* _PROBLEM DETAILS_:
Your reply should be an exact copy of the lines from the one that holds "Coke Cleans Filthy" to the end of the data below.
####################
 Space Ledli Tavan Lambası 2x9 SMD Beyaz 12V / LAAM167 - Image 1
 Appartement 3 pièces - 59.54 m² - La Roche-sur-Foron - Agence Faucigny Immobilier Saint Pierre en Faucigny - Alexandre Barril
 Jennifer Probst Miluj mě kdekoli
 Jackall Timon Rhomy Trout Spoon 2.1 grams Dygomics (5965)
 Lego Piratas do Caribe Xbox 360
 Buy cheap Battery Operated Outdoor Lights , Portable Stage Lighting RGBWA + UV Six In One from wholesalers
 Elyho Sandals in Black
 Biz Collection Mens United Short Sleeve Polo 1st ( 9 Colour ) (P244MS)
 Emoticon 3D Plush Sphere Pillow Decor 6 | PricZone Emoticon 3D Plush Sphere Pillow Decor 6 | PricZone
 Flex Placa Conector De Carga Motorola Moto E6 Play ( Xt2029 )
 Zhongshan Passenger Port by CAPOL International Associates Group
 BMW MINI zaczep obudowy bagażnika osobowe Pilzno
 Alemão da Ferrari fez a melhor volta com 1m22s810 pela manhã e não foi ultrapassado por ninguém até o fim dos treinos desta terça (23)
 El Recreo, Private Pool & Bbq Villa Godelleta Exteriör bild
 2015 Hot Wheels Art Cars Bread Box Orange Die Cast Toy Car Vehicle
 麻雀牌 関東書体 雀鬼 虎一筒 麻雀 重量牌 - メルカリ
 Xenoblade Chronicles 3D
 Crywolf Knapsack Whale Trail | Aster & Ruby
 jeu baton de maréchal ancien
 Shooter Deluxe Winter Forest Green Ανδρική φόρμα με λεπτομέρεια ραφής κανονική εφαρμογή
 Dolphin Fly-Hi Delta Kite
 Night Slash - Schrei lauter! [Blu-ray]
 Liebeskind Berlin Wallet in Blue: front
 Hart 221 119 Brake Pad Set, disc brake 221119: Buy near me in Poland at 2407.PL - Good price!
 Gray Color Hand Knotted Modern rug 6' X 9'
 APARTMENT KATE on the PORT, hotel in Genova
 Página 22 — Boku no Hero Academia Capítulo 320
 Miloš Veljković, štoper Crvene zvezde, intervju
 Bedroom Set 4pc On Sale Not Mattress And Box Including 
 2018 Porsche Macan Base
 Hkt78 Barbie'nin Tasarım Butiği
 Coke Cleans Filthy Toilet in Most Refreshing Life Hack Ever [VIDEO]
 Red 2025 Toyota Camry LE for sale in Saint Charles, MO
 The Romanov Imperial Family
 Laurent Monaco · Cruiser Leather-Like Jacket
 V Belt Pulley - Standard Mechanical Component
####################
* _SOLUTION TO THIS PROBLEM_:
 Coke Cleans Filthy Toilet in Most Refreshing Life Hack Ever [VIDEO]
 Red 2025 Toyota Camry LE for sale in Saint Charles, MO
 The Romanov Imperial Family
 Laurent Monaco · Cruiser Leather-Like Jacket
 V Belt Pulley - Standard Mechanical Component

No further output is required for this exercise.